▶ REQUIRED ACTION
Return, word for word, the lines of the listing below from the one with "Sharp NoteVision Projector" through the one with "(L) 00s Harley", and no other lines.

▶ RECORDS SUPPLIED
----

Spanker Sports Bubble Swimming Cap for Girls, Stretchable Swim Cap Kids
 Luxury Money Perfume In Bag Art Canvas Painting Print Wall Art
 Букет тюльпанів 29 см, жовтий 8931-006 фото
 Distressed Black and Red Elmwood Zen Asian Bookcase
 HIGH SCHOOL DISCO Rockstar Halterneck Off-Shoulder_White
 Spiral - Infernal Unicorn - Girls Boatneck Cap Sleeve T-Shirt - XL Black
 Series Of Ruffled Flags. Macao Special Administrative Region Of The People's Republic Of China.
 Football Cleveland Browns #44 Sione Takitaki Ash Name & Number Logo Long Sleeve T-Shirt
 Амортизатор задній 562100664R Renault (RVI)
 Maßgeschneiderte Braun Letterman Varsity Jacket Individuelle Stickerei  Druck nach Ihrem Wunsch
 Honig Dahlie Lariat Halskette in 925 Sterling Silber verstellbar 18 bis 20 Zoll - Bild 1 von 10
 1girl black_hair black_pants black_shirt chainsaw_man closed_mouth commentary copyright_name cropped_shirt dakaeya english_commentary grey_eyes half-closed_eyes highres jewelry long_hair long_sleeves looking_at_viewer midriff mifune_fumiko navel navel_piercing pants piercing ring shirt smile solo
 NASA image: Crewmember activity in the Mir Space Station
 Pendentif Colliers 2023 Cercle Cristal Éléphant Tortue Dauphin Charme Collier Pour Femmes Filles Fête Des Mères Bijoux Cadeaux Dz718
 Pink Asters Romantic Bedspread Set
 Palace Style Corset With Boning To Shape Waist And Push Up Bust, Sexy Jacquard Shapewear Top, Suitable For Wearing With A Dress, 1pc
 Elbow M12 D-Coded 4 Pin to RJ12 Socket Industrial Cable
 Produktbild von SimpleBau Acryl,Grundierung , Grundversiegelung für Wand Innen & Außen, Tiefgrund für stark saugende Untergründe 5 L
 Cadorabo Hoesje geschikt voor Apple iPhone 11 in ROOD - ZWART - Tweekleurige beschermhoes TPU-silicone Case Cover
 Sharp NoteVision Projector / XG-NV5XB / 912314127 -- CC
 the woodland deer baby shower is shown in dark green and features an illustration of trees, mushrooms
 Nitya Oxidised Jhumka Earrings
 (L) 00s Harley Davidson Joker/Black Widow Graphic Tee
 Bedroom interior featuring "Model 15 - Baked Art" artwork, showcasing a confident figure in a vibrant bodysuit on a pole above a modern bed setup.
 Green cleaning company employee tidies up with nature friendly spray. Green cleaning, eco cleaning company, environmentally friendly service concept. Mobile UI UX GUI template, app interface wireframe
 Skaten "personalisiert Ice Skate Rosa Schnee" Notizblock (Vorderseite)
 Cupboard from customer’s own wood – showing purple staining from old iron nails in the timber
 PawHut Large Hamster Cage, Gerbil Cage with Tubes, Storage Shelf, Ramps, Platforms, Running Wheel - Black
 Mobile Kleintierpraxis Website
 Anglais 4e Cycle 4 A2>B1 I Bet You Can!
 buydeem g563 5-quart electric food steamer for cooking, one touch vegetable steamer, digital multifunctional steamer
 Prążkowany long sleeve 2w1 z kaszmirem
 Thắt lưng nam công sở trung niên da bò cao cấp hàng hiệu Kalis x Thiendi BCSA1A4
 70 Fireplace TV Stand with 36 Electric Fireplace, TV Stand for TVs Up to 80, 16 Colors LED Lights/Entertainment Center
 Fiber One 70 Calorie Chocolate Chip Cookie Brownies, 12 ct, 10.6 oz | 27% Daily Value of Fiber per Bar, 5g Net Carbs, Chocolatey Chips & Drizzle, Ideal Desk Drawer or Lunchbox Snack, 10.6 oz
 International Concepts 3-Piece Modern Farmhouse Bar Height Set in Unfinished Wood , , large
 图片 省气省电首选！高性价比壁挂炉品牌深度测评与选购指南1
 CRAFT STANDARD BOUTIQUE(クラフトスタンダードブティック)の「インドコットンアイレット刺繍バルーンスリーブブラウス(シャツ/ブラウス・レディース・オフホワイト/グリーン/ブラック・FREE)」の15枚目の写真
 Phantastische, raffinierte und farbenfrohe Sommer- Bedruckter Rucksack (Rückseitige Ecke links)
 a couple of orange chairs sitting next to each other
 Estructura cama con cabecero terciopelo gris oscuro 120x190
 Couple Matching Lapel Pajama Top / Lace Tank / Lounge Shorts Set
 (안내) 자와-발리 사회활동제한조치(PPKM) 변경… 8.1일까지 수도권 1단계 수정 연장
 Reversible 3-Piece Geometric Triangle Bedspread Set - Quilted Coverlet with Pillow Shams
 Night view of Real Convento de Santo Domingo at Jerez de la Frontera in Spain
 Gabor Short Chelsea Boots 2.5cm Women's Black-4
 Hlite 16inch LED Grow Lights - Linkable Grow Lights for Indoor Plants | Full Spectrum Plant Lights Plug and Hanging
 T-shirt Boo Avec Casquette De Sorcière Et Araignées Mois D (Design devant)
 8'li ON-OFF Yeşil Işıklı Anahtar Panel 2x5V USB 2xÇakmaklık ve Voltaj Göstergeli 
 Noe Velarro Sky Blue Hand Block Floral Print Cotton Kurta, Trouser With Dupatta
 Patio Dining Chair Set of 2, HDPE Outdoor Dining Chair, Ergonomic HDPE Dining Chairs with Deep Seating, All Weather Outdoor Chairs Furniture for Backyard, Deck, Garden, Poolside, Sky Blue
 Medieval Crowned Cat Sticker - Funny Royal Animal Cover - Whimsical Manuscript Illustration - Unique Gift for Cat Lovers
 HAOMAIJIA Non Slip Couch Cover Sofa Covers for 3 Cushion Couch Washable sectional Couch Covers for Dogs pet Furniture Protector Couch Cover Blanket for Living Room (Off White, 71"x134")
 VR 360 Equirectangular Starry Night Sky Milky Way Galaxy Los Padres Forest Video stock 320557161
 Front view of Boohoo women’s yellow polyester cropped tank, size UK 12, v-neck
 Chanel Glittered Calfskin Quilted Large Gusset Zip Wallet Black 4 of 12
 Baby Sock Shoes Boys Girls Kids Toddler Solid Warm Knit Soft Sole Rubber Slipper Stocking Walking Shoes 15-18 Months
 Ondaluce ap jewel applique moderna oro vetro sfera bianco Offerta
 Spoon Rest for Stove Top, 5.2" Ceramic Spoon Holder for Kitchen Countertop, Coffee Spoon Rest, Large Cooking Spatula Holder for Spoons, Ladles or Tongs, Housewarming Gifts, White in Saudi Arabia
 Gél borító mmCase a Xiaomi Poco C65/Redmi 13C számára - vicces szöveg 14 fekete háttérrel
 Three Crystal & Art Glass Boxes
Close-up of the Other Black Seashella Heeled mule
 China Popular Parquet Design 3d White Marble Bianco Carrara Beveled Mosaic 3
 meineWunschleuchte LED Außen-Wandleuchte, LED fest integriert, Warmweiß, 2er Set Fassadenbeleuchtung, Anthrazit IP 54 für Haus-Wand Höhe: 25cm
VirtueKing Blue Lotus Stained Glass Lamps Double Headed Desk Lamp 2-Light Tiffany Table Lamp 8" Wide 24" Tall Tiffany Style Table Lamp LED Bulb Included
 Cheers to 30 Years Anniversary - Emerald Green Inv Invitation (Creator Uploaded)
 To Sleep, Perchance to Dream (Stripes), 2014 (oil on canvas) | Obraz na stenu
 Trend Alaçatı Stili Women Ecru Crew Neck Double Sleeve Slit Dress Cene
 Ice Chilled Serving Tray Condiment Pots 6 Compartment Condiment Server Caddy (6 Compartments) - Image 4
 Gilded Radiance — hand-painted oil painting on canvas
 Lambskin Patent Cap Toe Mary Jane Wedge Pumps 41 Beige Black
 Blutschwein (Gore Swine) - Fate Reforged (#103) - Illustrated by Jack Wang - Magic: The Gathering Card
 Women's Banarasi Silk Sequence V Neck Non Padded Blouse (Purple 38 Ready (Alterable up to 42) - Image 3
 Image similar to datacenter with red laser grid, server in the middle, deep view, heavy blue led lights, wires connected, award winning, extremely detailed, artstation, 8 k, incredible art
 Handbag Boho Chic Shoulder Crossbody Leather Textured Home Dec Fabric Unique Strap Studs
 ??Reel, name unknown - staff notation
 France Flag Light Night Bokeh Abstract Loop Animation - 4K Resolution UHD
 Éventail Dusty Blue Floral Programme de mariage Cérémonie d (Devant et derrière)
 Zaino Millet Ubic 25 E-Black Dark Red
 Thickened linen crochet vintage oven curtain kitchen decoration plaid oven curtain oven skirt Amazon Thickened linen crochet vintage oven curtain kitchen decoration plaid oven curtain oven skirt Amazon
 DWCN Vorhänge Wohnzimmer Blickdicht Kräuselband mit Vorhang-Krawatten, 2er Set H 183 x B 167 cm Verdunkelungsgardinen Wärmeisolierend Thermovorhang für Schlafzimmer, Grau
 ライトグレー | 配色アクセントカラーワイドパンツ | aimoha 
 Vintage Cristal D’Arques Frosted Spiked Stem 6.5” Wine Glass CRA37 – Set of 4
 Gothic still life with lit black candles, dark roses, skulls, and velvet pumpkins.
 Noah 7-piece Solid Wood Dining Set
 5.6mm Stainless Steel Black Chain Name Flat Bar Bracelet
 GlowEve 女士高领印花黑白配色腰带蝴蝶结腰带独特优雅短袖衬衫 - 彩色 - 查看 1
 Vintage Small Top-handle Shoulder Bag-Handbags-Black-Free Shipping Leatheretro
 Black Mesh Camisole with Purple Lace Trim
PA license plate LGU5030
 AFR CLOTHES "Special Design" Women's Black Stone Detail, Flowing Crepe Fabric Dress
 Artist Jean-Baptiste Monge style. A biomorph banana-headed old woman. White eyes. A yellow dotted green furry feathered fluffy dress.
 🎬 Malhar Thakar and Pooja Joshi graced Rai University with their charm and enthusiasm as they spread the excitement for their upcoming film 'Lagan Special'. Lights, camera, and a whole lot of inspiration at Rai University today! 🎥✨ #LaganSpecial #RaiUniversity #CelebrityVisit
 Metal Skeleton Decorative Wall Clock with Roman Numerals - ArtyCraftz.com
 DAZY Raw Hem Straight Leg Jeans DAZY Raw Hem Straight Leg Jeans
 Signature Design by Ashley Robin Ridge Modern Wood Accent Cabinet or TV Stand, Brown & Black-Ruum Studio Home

----

▶ RESULT FOR THIS EXERCISE
 Sharp NoteVision Projector / XG-NV5XB / 912314127 -- CC
 the woodland deer baby shower is shown in dark green and features an illustration of trees, mushrooms
 Nitya Oxidised Jhumka Earrings
 (L) 00s Harley Davidson Joker/Black Widow Graphic Tee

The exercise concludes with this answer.